Congress’s oversight power, while broad, has limits. The Supreme Court has held that for a congressional subpoena to be enforced, the relevant investigation must serve a valid federal legislative purpose that is adequately identified. The Court has noted that “investigations conducted solely for the personal aggrandizement of the investigators or to ‘punish’ those investigated are indefensible.” And a subpoena should not be designed to usurp the role of law enforcement, because “those powers are assigned under our Constitution to the Executive and the Judiciary.” 

These considerations all weigh strongly against any congressional effort to demand internal documents related to a specific ongoing law enforcement matter. The one clear exception is for impeachment proceedings.
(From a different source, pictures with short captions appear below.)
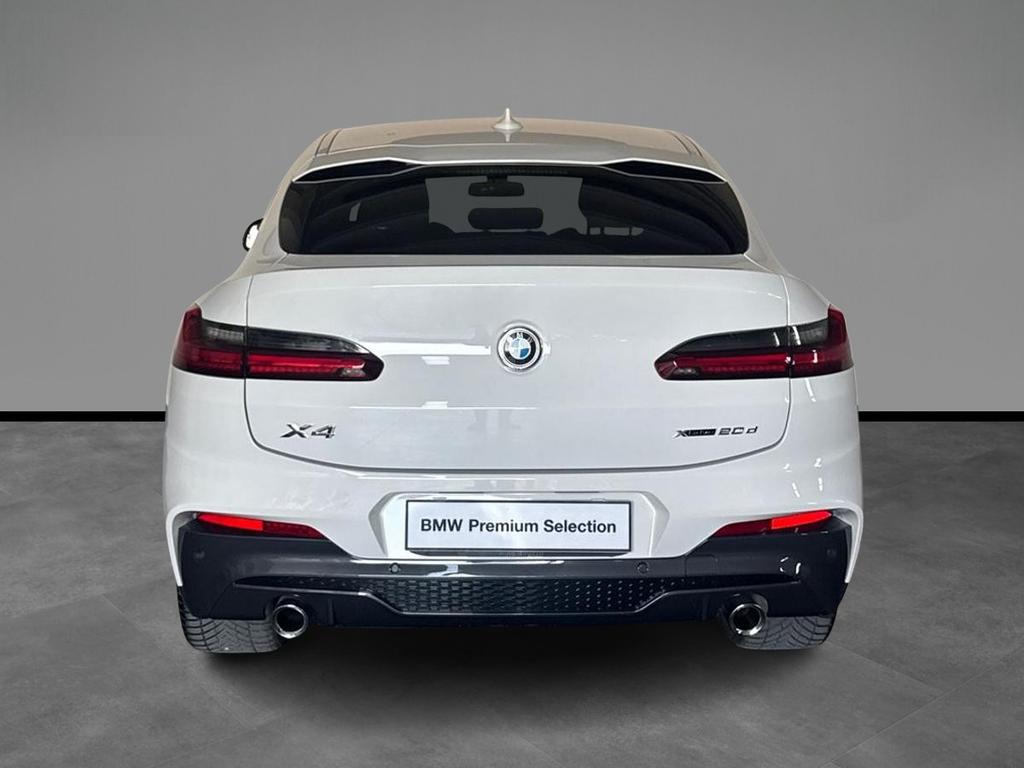 BMW X4 xdrive20d Msport auto my19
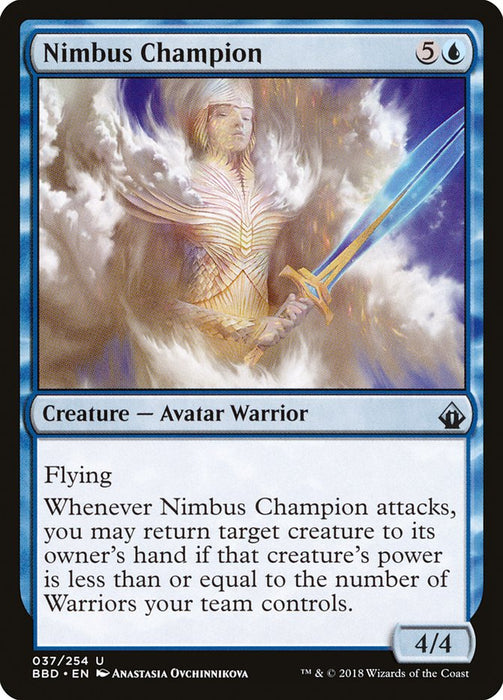 Nimbus Champion  (Foil)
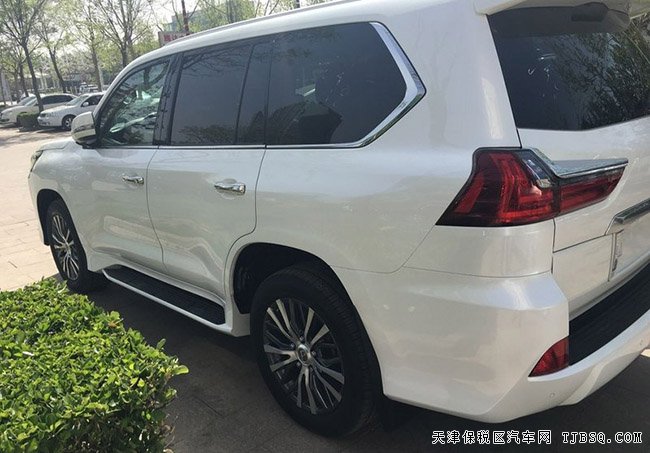 2016款雷克薩斯LX570經(jīng)典SUV 凌志促銷優(yōu)惠報(bào)價(jià)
Indeed, congressional committees have successfully sought materials related to federal grand juries for impeachment proceedings because, as the DC Circuit Court of Appeals recently noted, Congress essentially takes on a “judicial” role in these situations.
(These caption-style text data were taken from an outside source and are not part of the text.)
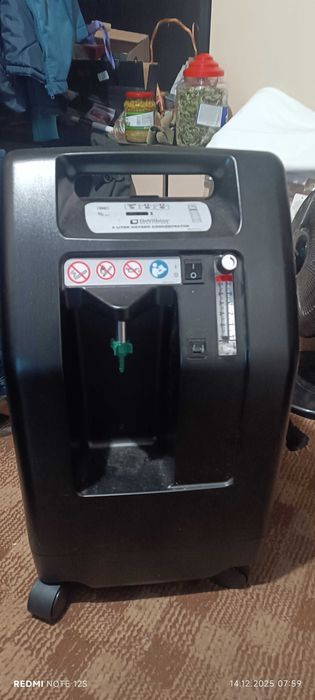 Кислороден концентратор до 5 литра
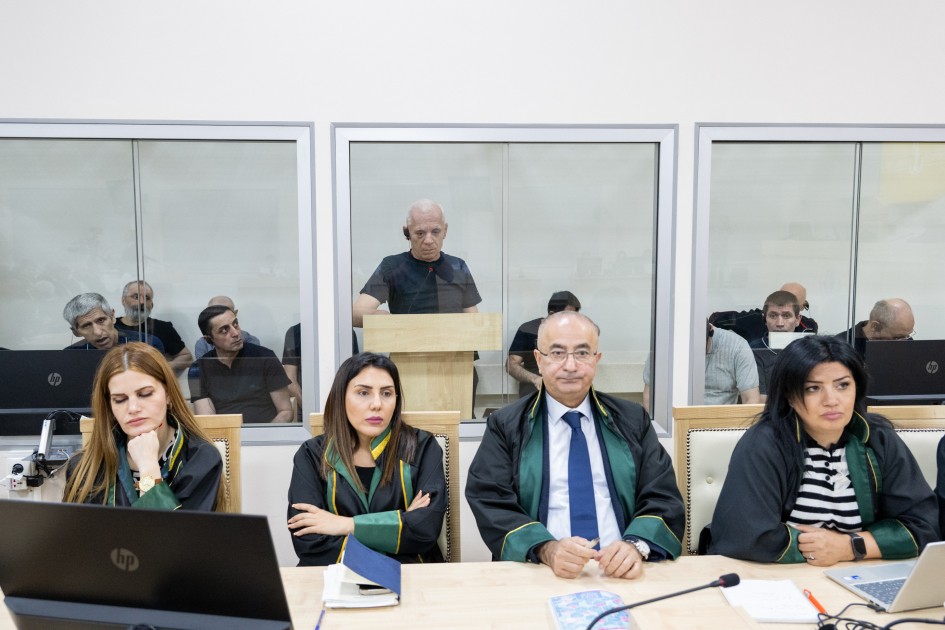 "Elə şeylər olub ki, susmağa üstünlük verirəm" - Harutyunyan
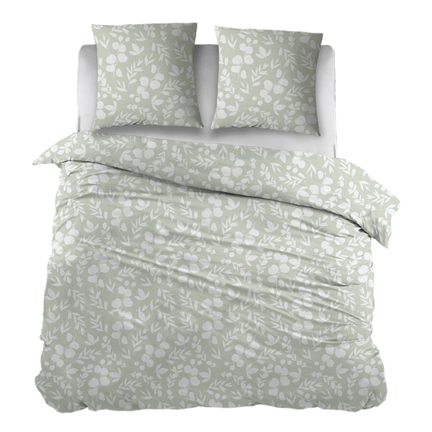 Snoozing Elsie housse de couette en flanelle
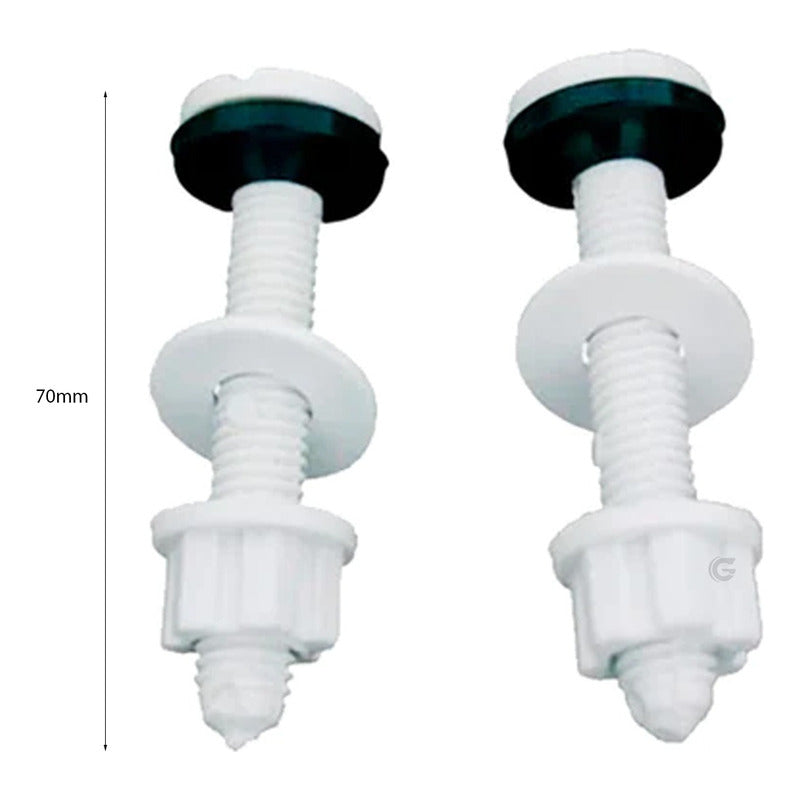 Tornillo Para Tanque Sanitario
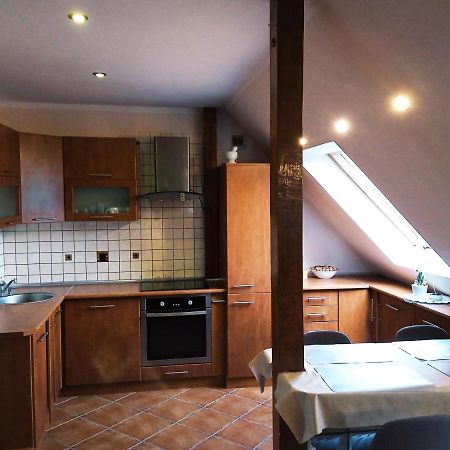 Apartament Mazurska 24A ケントシン エクステリア 写真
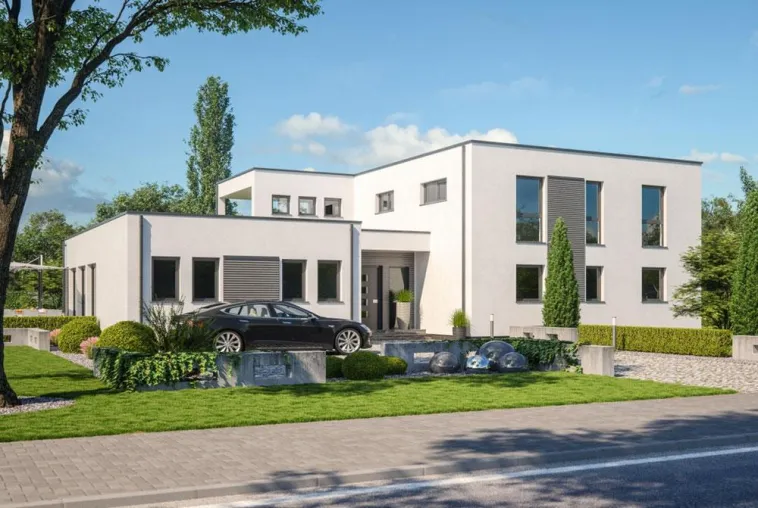 Separate Wohneinheiten: Die flexiblen Lösungen von RENSCH-HAUS Bild: Separate Wohneinheiten: Die flexiblen Lösungen von RENSCH-HAUS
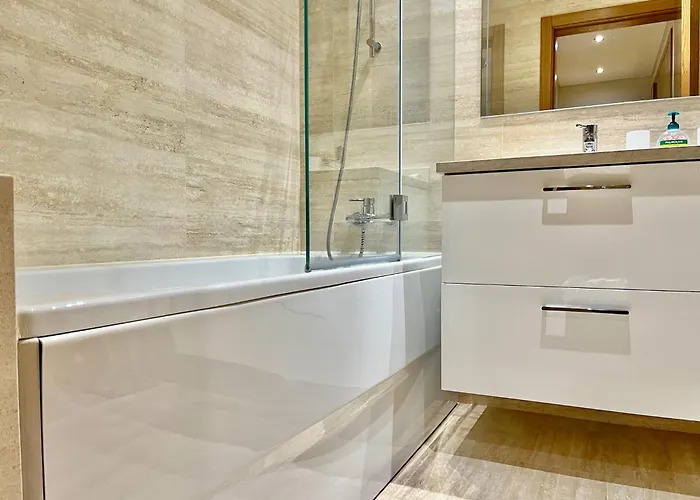 Apartamento Modern & Spacious With River View Lisboa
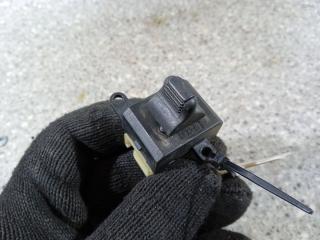 кнопка центрального замка Chrysler Voyager 3 поколение 1997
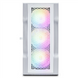 Корпус 1stPlayer T3-WH-4F1-W Білий (White) 208094 фото 9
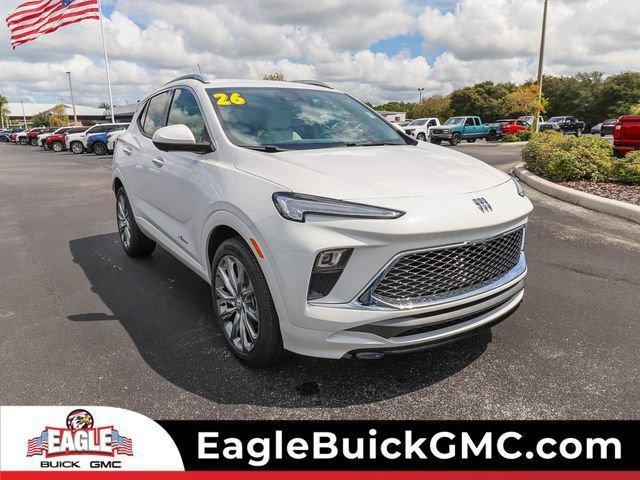 2026 Buick Encore GX Vehicle Photo in HOMOSASSA, FL 34448-1461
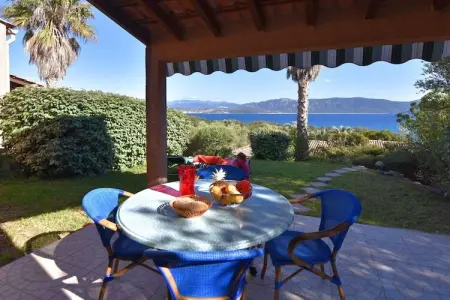 Villa climatisée 3 chambres à Olmeto Plage : photo 3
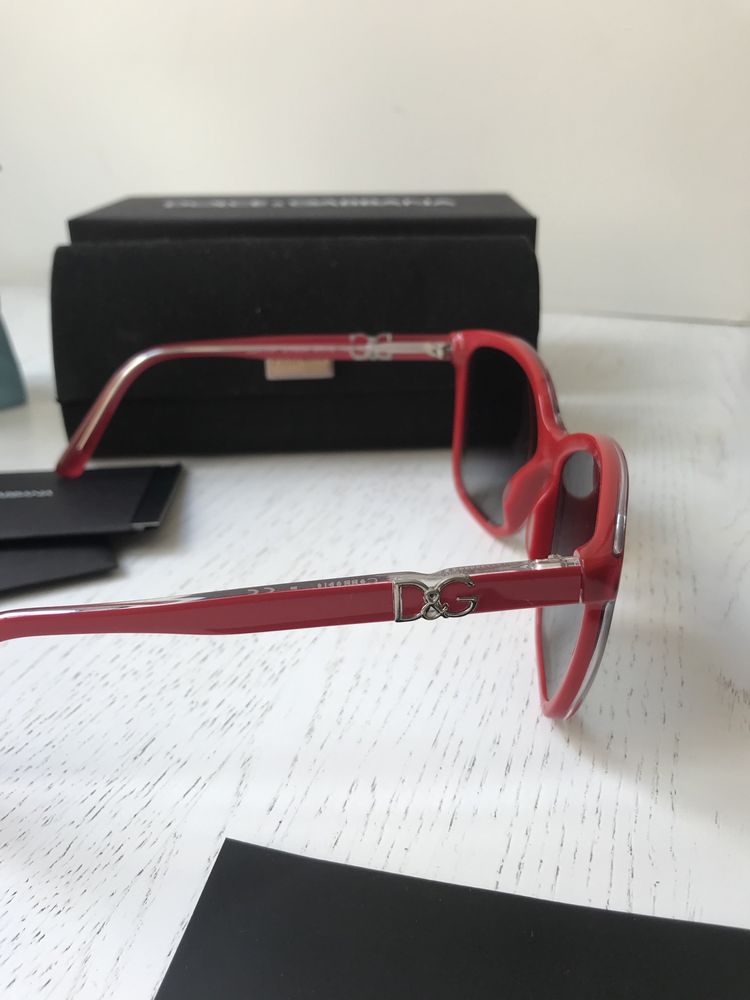 Okulary przeciwsłoneczne Dolce & Gabbana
It is especially problematic for Congress to subpoena investigative materials from state and local, rather than federal, law enforcement agencies, as Bragg’s lawsuit points out. Under our federal system, Congress does not exercise general oversight over state agencies the way it does over federal ones. While congressional committees have sought information from state agencies, they have typically stopped short of issuing subpoenas or have issued subpoenas they made no effort to enforce. And although many state and local agencies, like the Manhattan DA’s office, do receive some federal funds, no court has ever held that the receipt of funds alone gives Congress license to compel state law enforcement to turn over unrelated confidential investigative materials. Indeed, to the extent Congress tried to condition receipt of funds on state authorities pursuing or dropping specific criminal matters unrelated to the use of the funds, that would likely constitute improper coercion

None of this is to claim that prosecutorial abuse isn’t a serious issue or to deny that Congress has an important role to play in setting broad policy to address it at both the federal and state levels. In individual prosecutions, however, the primary check on prosecutorial misconduct is the courts, including the federal courts, which have the power to safeguard federal constitutional rights in state-level criminal proceedings. 
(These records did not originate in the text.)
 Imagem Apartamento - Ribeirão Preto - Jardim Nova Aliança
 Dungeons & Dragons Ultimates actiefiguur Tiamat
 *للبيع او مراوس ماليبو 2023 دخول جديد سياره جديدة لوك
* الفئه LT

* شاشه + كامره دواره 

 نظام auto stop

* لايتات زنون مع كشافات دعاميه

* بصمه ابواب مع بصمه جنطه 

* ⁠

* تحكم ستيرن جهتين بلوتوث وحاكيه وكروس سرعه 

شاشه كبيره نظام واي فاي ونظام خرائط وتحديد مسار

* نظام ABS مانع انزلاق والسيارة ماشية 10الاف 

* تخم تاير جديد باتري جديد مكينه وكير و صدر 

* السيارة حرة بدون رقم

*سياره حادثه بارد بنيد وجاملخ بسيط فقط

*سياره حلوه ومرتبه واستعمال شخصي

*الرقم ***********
This division of power makes sense and reflects long-standing concerns about the dangers of political leaders meddling in specific law enforcement matters because of the risk of undermining the fundamental notion that the law applies to everyone equally. Several years ago, the Brennan Center convened a bipartisan National Task Force on Rule of Law & Democracy, which analyzed instances of the White House meddling in Department of Justice investigations under Trump and his predecessors of both parties. It concluded those intrusions were inappropriate because “they cast doubt on a crucial premise of any healthy democracy: that the law not be used to favor or punish anyone based on politics.” The same logic applies to congressional leaders.

Unfortunately, congressional efforts to meddle in the Manhattan DA’s prosecution of Trump are part of a worrying trend that threatens to intensify. In addition to committee chairs interfering in the New York City case, House leaders have signaled that they may try to hinder the DOJ special counsel investigating efforts to interfere with the lawful transfer of power following the 2020 presidential election and the retention of classified documents at Mar-a-Lago. And as another state criminal investigation of Trump progresses in Atlanta, state legislators in Georgia have advanced a measure to allow state officials to discipline and remove locally elected prosecutors.

Lawmakers of course have the right to express disapproval of officials at all levels of government and to invite such officials to appear before committees. It is also clearly appropriate for congressional committees to investigate and address systemic abuses and threats to civil rights. But efforts to compel the production of nonpublic information about a specific case from a local prosecutor or otherwise meddle in their investigation crosses the line to political interference that threatens the rule of law.